Vaccination status was determined at the date of blood collection. If the self-reported date of blood collection was missing, the received date of the blood sample minus two days (median difference between date of blood collection and date received in non-missing) was used. Partial primary vaccination was defined as having received one dose of Comirnaty, Spikevax or Vaxzevria before date of blood collection, or two doses of Comirnaty, Spikevax or Vaxzevria less than 14 days before this date. Full vaccination is defined as having received two doses of Comirnaty, Spikevax or Vaxzevria at least 14 days before date of blood collection, one dose of Jcovden at least 28 days before this date, or a booster dose less than 7 days before this date. Booster vaccination is defined as one or more doses after a complete primary vaccination schedule, where the first booster dose is at least 7 days before date of blood collection.

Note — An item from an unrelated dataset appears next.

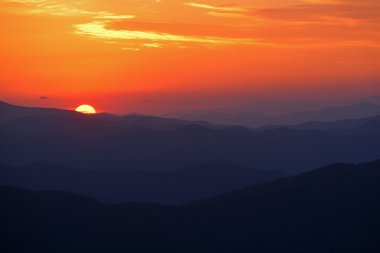 Sunrise--dan clingman's kubbe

Evidence of an infection before the studied breakthrough infection was based on self-report of a positive SARS-CoV-2 test or the presence of N-specific antibodies prior to breakthrough infection.

Statistical analyses

Log-transformed N-, S1- and RBD-specific responses (BAU/mL values) were modelled using a Gaussian generalized additive model, with the R package mgcv30. We modeled the N-, S1- and RBD-specific serological response in individuals without a previous infection as a function of time since positive test in days (in Fig. 1). In addition, for the RBD and S1 responses we expanded this model with an interaction term for time since vaccination and N-seropositivity of the post-infection sample (in Fig. 3). Time since positive test and time since vaccination were included as a tensor product of penalized cubic splines (15 knots), using second order penalties.

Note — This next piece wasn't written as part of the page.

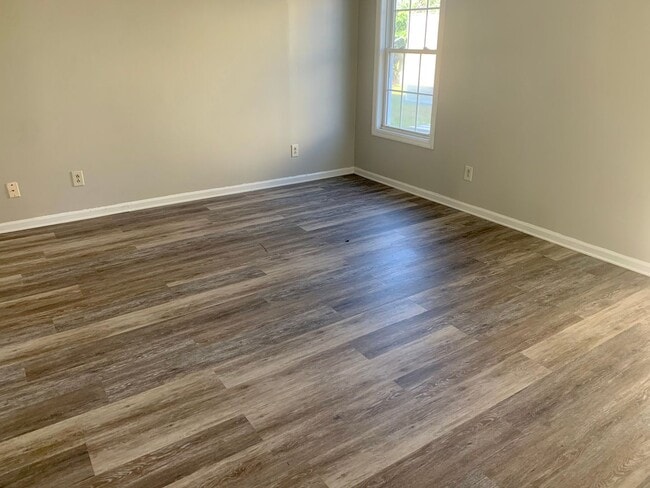 1202 Bay St in Morehead City, NC - Building Photo - Building Photo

Probability of N-seropositivity is modelled using a logistic regression in a generalized additive model as a function of time since positive test (penalized cubic spline, 15 knots, in Fig. 2A). We expand this model separately for categorical variables COVID-19 symptom status (in Fig. 2B, absent/present), variant of infection (Delta/Omicron), vaccination status (partial, full, or booster vaccination), last used vaccine type (Comirnaty, Vaxzevria, Spikevax, or Jcovden), and time since vaccination. Participants only reporting the answer option ‘other symptoms’ were excluded from the analysis into the effect of symptoms. The output of the logistic regression (log-odds) is transformed into a probability of N seropositivity using the inverse logit function, (mathrm{log}(frac{{p}_{n+}}{{1- p}_{n+}} )).

We tested differences in ratios in Delta and Omicron-specific IgG levels between individuals with an Omicron or Delta infection stratified by time since infection with a Wilcoxon test.